Densho Digital Archive
Manzanar National Historic Site Collection
Title: Margaret Saito Interview
Narrator: Margaret Saito
Interviewer: Kirk Peterson
Location: Sacramento, California
Date: December 17, 2009
Densho ID: denshovh-smargaret_2-01-0002

<Begin Segment 2>

KP: So when did your father move from Monrovia to El Centro?

MS: Oh, probably... they got married maybe 1932. And then, well, I guess that's when he was on his own. I'm really not sure because... yeah, I really don't know. But I know I was a baby in El Centro and I do remember family friends even though I was little. We stayed there -- I don't know, we were in La Puente when my sister -- we were both born in El Centro but when we were young we moved to La Puente. And that was closer to where his family, the rest of his family were.

KP: What is your sister's name?

MS: Frances, and it's Frances Misao Lee.

KP: And where was she? She was born in El Centro?

MS: Yes.

KP: What year?

MS: She was born in 1934. So she just had her 75th birthday.

KP: So what do you remember about El Centro? What was your father doing?

MS: He was farming. And there were other Japanese families farming there, too. The only family that I know from the early days was the Kitamura family. And then they eventually went back to Monrovia, too. And I haven't kept in touch but some of them are still there. I know that son took me deep sea fishing one time, off of San Pedro. I just got -- my cousin Helen and I, the one in the picture -- we went deep sea fishing and I got so sick. So I was about maybe fifteen or something like that. But I'll never forget how seasickness is or could be. It was just awful. But it was nice that he even took us but...

KP: Do you remember anything about El Centro? You were pretty young.

MS: I was young. I think it just... it was hot and that's about... and it wasn't very... I don't remember lots of trees and things like that. It just seemed dry and hot. That's about it.

KP: I think that's pretty accurate memory.

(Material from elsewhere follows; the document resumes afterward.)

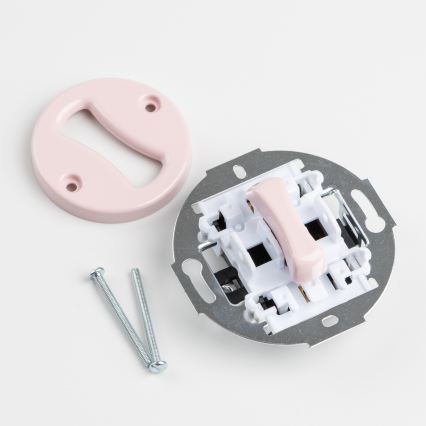 Kliklap - Retro eenpolige schakelaar zonder afdekraam nr. 1 oudroze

MS: Okay, yeah. It probably still is but it has grown a lot because my niece did, when she started with the Department of Youth Authority she started there at El Centro, so she knows how it is.

KP: So then your family moved to...

MS: La Puente. And that's where we were until we were interned.

KP: What do you remember? What's your earliest memories of La Puente?

MS: Well, I remember going, my father enrolled me in first grade when I was five. I should have gone to kindergarten but I don't know. I was in first grade. And I was in the segregated school in La Puente. It was for Mexicans. I don't remember any African Amer... I don't think there were any African Americans in La Puente but there were lots of Mexicans.